Prove that the $(1,1)$ tensor associated with a metric on a vector space is the identity operator

Question

This is a question from Jeevanjee's Introduction to Tensors and Group Theory for Physicists:

Show that for a metric $g$ on $V$,

$$g_i^{~~j} = \delta_i^{~~j}$$

so the $(1,1)$ tensor associated with $g$ (via $g$!) is just the identity operator.

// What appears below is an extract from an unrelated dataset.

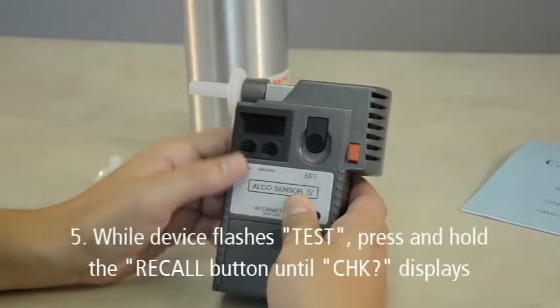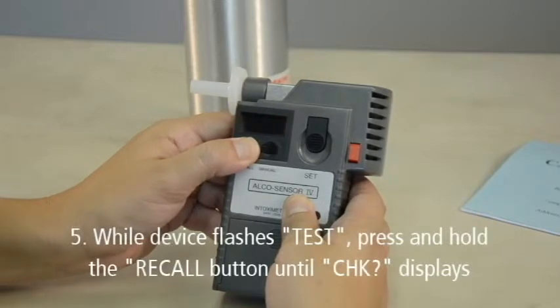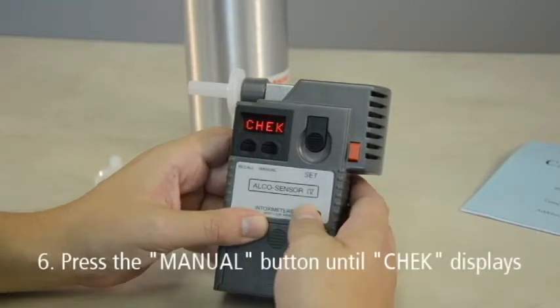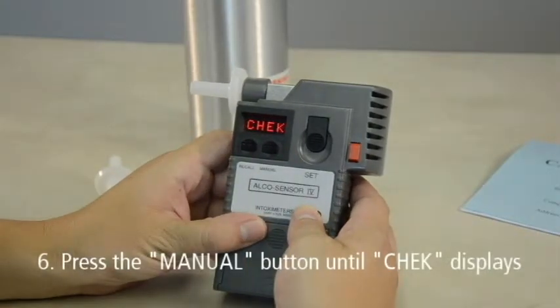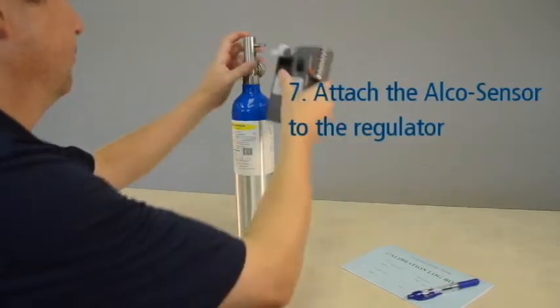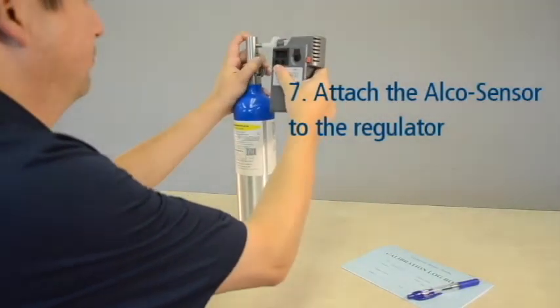While the display is flashing TEST, press and hold the RECALL button until CHK? displays. Then press the MANUAL button until CHEK displays. This puts the device into accuracy check mode. Now attach the Alkosensor 4 with Memory to the regulator.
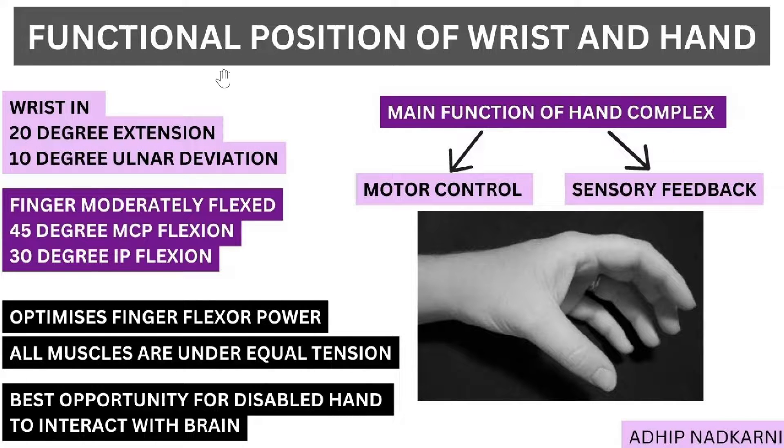Today we are going to talk about the functional position of your wrist and hand, which is the last topic. You can see the picture over here — that is the functional position. Before we understand the position, we need to understand what is the major function of your hand complex. The two major functions are: motor control, because you have to hold the object and manipulate it within your hand.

The only way I can think of associating $g$ with a $(1,1)$ tensor is to define $\tilde{g}(v,f)=g(v,L^{-1}(f))$, where $L:V\to V^*$ such that given $v \in V$,

$$(L(v))(w) = g(v,w)~~\forall w \in V.$$

The components of the $(1,1)$ tensor can be expressed as

$$\tilde{g}_i^{~~j} = \tilde{g}(e_i, e^j) = g(e_i, L^{-1}(e^j))$$

Now $L^{-1}(e^j) = \sum_k g^{jk}e_k$, where $[g^{ij}]$ is the inverse matrix of $[g_{ij}]$.

$$\tilde{g}_i^{~~j} = g(e_i, \sum_k g^{jk}e_k) = \sum_k g^{jk}g(e_i,e_k) = \sum_k g^{jk} g_{ik}$$

There's a discrepancy with the order of the indices: it should either be $\sum_k g^{jk} g_{ki}$ or $\sum_kg^{kj}g_{ik} = \sum_kg_{ik}g^{kj}$. How to resolve this? I guess I'm missing some fact about the notation.

Edit: As pointed out in an answer, this is fine as long as $g$ is symmetric. What if it's not?

Answer 1

The statement you're trying to prove is generally true for any nondegenerate rank $2$ tensor, essentially because in components, a matrix times its inverse is the identity. At the end, note that the metric is symmetric, so the index ordering you're worrying about doesn't matter.

For a non-symmetric tensor, you need to be more careful with the conventions, especially the order of contraction and order of arguments. In relativity we are not consistent because the metric is symmetric, so it doesn't make a difference; for example we might write $v^j = g^{jk} \omega_k$ one day and $v^j = g^{kj} \omega_k$ the next. However, when we do the representation theory of $SL(2, \mathbb{C})$ we have the antisymmetric "metric" $\epsilon_{ij}$ and it's essential to set consistent conventions. You can play around with finding a set of such conventions if you want, but personally I would just be thankful that at this stage, you don't need them most of the time!